Expert imitation loss.

Imitation.loss#

 | loss(step_count: int, batch: ObservationType, actor_critic_output: ActorCriticOutput[CategoricalDistr], *args, **kwargs)

[view_source]

Computes the imitation loss.

Parameters

  • batch : A batch of data corresponding to the information collected when rolling out (possibly many) agents over a fixed number of steps. In particular this batch should have the same format as that returned by RolloutStorage.recurrent_generator. Here batch["observations"] must contain "expert_action" observations or "expert_policy" observations.

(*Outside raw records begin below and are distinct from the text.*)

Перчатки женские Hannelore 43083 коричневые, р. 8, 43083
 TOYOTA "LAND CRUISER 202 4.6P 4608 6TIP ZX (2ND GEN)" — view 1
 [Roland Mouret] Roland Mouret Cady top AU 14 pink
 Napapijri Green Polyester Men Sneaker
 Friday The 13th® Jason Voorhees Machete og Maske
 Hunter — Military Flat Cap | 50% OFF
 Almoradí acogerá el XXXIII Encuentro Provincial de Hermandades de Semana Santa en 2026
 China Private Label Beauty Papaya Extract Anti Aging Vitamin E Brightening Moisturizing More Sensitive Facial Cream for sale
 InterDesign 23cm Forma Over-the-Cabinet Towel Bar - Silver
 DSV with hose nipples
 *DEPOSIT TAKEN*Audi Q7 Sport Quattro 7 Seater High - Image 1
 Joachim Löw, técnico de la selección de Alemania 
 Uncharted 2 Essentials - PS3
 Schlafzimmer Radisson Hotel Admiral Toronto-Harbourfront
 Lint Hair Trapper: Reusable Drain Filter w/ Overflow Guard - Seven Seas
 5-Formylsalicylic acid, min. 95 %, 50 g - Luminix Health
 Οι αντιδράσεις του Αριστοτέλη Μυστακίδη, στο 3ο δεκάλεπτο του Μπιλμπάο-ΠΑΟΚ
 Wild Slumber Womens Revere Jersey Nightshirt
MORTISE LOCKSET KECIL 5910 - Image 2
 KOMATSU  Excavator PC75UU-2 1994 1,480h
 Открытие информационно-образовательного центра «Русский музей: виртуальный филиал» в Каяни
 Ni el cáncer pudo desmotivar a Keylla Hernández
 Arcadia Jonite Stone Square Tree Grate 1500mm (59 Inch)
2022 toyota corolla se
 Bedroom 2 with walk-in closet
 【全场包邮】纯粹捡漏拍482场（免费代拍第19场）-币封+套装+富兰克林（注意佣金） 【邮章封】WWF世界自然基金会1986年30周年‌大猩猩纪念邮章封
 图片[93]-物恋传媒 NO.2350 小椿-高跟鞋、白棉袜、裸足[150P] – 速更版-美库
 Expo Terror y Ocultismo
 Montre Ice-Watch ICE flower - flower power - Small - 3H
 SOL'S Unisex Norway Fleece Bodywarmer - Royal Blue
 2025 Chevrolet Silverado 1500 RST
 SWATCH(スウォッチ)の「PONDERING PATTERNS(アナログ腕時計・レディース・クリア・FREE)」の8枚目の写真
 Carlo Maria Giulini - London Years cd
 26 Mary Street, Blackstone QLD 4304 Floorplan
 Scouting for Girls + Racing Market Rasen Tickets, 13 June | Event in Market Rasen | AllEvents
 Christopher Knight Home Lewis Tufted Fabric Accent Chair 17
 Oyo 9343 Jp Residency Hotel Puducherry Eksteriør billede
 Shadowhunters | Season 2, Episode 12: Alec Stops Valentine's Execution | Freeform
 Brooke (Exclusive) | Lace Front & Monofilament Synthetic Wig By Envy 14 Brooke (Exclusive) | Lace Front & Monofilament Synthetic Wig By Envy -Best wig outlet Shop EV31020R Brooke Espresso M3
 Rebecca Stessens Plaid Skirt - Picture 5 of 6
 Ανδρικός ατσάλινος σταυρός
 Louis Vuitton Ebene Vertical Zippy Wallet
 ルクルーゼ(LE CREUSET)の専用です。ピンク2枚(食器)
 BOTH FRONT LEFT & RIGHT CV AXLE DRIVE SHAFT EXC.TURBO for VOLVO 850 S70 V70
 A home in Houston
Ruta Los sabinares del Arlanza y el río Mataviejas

See ExpertActionSensor (or ExpertPolicySensor) for an example of a sensor producing such observations.
  • actor_critic_output : The output of calling an ActorCriticModel on the observations in batch.
  • args : Extra args. Ignored.
  • kwargs : Extra kwargs. Ignored.

Returns

A (0-dimensional) torch.FloatTensor corresponding to the computed loss. .backward() will be called on this tensor in order to compute a gradient update to the ActorCriticModel's parameters.